Kenyan press up in arms over 'draconian' media bill

Nairobi (AFP) - Kenya's media reacted with shock and outrage Friday after parliament voted through a bill that could see journalists and outlets slapped with huge fines for violating a code of conduct.

In a late-night sitting Thursday, MPs voted to set up and appoint a new Communications and Multimedia Appeals Tribunal with the teeth to impose penalties of up to 20 million Kenyan shillings (173,000 euros, $234,000) on offenders and even bar journalists from working.

The bill, which is pending approval by President Uhuru Kenyatta, would also herald strict controls on radio and television broadcasts, with stations obliged to ensure that 45 percent of programme content and advertising is locally-made.

In a furious reaction, The Daily Nation newspaper said the bill "puts the country in the same ranks with Zimbabwe, Cuba, Ethiopia and Kuwait" and had set Kenya "firmly on the path of regression into the era of darkness."

"In one dramatic swoop, parliament has written away the media's rights," wrote the paper, a pillar of Kenya's burgeoning and vibrant independent media.

"It is a frightening place, and it is valid to ask: what is there to prevent parliament from simply sweeping away the independence of the judiciary tomorrow?" the paper said, challenging the bill as unconstitutional.

"This law is draconian and very punitive and we reject it," said Cyrus Kamau, managing director for Capital Group -- home to CapitalFM, one of Kenya's most respected independent radio stations and news websites.

He said the new media tribunal "will always be biased because it's an extension of the government," and that restrictions on content and advertising would damage Kenya's place in the global economy.
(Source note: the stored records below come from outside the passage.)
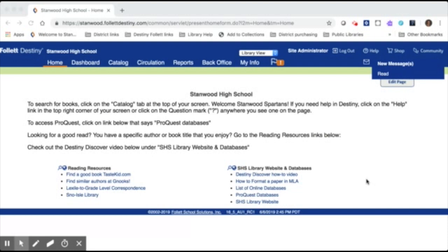Hi, this is Debbie Byram, librarian at Stanwood High School, and today I'm going to show you how to merge MARC records in Destiny.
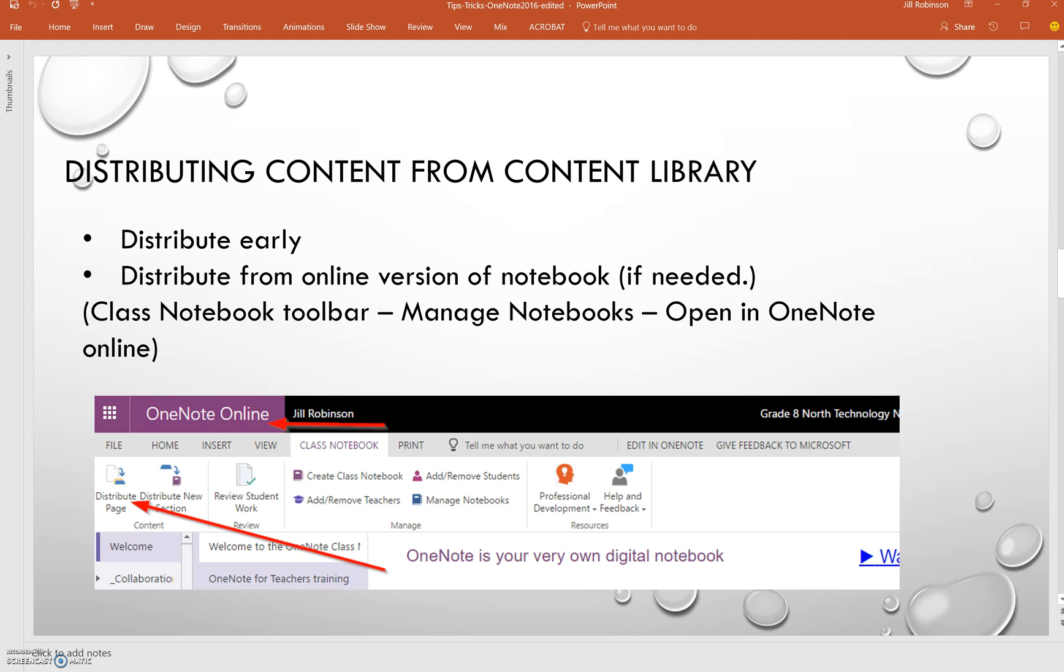Another helpful tip I have found is the distribution of content from the content library. While the new Class Notebook toolbar does enable you to distribute pages to all of your students from the content library so that all the students have it and you know it went into the correct section, every so often there's a little glitch with it.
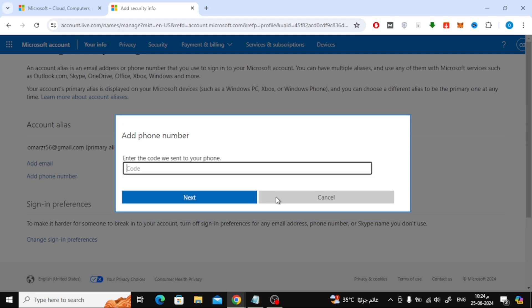Now wait until you receive a code on your phone number. After that, enter it here and press the next button.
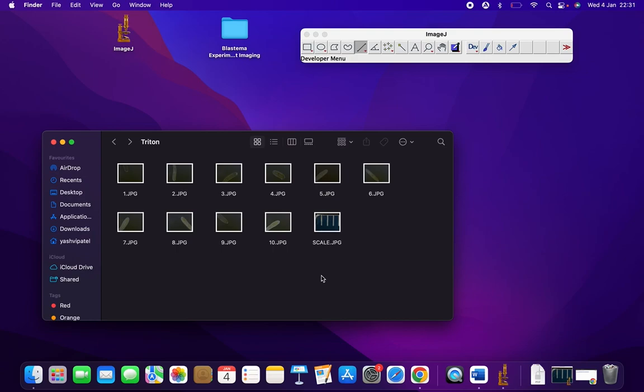In this video we are going to see how to calculate the blastema area using ImageJ. These are the four images. Ensure that you reset the scale in ImageJ using the image of the scale taken on that day.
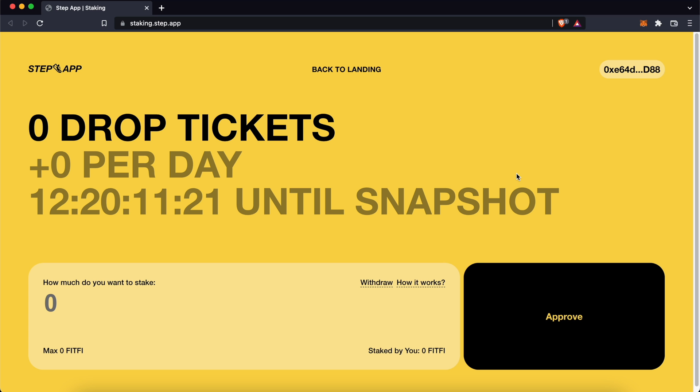Now that you have FitFee tokens on Metamask, you can check out my guide here on how to stake them to earn job tickets.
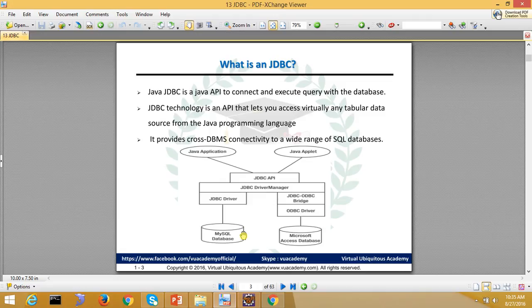Next we will see what types of drivers exist. In the next video, we will check the types of JDBC drivers available.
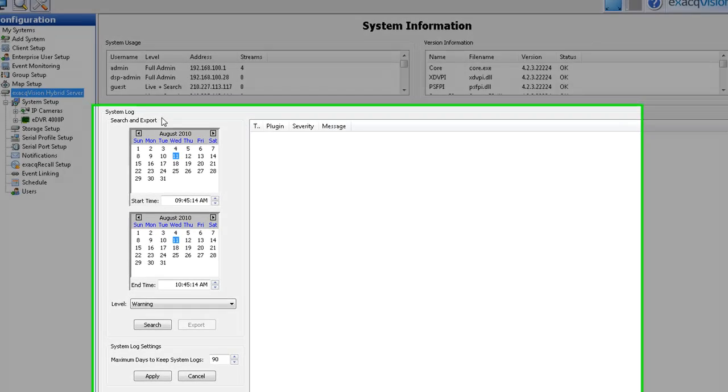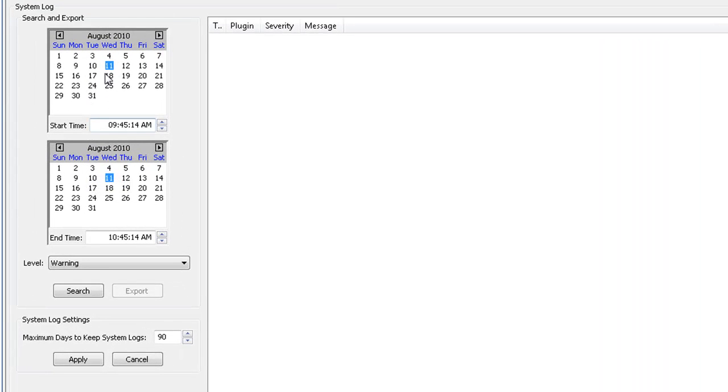The system log can be viewed by selecting the start and end date and time and clicking on the search button.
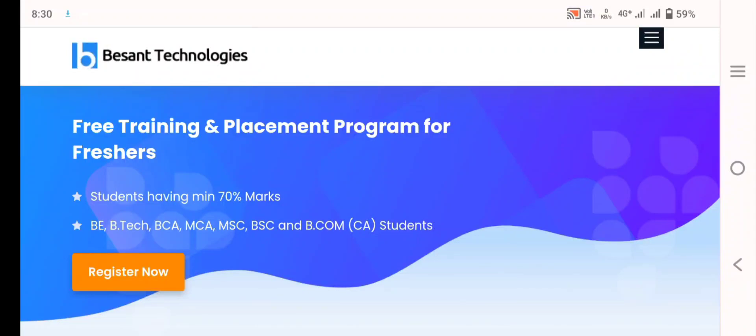Hi friends, there is good news from Besant Technologies and it is providing free training and placement program for freshers who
"I hope the president will listen to us, and we appeal to him to reject this bill and return it to the MPs," he said.

According to The Star newspaper, the new bill will effectively hand the government "a stranglehold over the media", while The Standard said democracy and free speech in Kenya had been "dealt a major blow".

Government hints at compromise

The passing of the bill comes amid a string of measures to reinforce national security in the wake of the September's attack by Islamist gunmen on the Westgate shopping mall.

Kenyan media drew the ire of authorities by broadcasting security camera footage of troops who were dispatched to the scene of the attack purportedly robbing the upmarket mall.

Police chief David Kimaiyo reacted by summoning two journalists and a media executive for questioning, although the summons was retracted following a media outcry. Still, President Kenyatta said the media "should not be too quick to vilify our security forces" and said too much coverage was being given to terrorists.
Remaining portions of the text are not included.